In the 12 months to July 2013 UK house prices increased by 3.3%, up from a 3.1% increase in the 12 months to June 2013, according to latest data published by the Office for National Statistics (ONS).
Prices in London are increasing faster than the UK average. Annual house price increases in England were driven by London (9.7%), the South East (2.6%) and the East Midlands (2.4%).
The year-on-year increase reflected growth of 3.7% in England and 1.8% in Northern Ireland, offset by falls of 2.0% in Scotland and 0.7% in Wales.
The UK HPI is still below the peak of January 2008. However, the England HPI, at 182.4 in July 2013, is now 0.9% higher than at the previous peak in January 2008.
Excluding London and the South East, UK house prices increased by 0.8% in the 12 months to July 2013.
On a seasonally adjusted basis, UK house prices increased by 0.3% between June and July 2013.
In July 2013, prices paid by first-time buyers were 4.0% higher on average than in July 2012. For owner-occupiers (existing owners) prices increased by 3.0% for the same period.
Brian Murphy, head of lending at Mortgage Advice Bureau (MAB), comments:
“The news that house prices have continued to grow is another positive indicator that the industry is steadily recovering, with government initiatives stimulating the property market and tempting would-be homeowners to buy. The ONS figures should go some way to ease concerns that Help to Buy is already driving property inflation at a dangerous rate. Although house prices in London are increasing significantly faster than the UK average, overall house prices have risen at a stable rate, suggesting a recovery that is sustainable rather than combustible.

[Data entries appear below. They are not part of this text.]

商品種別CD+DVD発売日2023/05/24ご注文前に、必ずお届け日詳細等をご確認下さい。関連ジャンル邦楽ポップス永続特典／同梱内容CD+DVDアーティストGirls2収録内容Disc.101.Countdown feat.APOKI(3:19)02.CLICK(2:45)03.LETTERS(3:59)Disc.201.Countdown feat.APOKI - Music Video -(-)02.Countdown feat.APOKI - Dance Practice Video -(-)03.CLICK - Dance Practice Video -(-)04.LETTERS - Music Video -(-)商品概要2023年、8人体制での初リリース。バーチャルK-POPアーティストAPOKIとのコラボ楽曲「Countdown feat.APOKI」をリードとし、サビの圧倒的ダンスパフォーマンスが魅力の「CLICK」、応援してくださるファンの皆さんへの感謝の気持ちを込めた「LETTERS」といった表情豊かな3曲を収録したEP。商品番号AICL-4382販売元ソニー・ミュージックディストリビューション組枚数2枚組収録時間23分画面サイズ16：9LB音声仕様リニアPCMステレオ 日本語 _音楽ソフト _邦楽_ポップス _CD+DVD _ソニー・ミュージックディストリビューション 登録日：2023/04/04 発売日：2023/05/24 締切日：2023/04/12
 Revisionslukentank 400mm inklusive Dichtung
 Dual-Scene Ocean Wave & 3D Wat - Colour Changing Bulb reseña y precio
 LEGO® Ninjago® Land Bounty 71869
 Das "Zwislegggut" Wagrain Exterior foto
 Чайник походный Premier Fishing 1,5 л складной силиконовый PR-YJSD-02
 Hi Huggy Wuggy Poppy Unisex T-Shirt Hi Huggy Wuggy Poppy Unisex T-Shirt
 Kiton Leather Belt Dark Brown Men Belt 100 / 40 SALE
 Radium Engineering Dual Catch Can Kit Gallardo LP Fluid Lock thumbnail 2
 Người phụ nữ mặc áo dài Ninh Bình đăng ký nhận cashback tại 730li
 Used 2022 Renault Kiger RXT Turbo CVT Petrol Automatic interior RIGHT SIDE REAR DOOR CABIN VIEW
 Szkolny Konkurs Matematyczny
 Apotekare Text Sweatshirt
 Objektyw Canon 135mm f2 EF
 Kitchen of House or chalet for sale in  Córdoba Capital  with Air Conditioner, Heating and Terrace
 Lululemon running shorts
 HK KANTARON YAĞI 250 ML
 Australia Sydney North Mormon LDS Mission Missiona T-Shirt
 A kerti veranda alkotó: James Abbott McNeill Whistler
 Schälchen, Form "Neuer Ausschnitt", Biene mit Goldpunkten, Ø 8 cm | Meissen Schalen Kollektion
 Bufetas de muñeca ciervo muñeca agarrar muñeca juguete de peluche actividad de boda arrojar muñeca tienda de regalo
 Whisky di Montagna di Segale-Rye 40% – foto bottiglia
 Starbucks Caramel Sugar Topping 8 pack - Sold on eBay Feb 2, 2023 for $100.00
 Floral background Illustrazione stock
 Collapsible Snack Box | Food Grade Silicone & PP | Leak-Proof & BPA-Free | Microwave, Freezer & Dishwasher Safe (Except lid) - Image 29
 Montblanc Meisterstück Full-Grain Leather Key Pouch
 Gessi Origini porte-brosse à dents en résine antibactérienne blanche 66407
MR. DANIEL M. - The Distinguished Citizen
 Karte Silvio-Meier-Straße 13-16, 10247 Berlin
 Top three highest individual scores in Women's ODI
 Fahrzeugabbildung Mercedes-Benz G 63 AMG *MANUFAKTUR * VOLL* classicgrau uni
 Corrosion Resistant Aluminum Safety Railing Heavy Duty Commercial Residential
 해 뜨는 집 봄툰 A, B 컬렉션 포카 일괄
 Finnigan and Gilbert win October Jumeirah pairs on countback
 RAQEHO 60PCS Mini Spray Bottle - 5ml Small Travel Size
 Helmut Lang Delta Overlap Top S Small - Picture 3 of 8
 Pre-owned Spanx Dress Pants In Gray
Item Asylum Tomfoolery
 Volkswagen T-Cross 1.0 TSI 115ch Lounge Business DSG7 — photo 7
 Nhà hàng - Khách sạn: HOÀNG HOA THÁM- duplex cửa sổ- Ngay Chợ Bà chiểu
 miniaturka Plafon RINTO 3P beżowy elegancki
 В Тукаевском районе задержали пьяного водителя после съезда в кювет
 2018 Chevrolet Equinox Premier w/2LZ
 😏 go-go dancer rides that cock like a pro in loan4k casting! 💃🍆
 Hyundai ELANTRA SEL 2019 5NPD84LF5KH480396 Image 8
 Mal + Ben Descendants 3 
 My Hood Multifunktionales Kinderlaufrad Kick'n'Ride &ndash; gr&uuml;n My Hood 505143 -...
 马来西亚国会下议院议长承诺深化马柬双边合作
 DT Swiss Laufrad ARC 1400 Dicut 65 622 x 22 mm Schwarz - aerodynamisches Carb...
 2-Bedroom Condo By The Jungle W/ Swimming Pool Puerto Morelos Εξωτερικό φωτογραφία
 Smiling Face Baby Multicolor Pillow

“Heated competition between lenders means affordability is still excellent. With such price variation between different parts of the country, the regional know-how of brokers, estate agents and surveyors holds the key for many people to securing a sensible mortgage deal on an appropriately valued home.
“However, the fact that prices paid by first-time buyers have seen the biggest growth shows that we need to proceed with a degree of caution. Although the wider choice of products and competitive rates mean that obtaining a mortgage is less of a barrier to buying a house, all players in the market need to work hard to accommodate buyers with limited funds at their disposal.”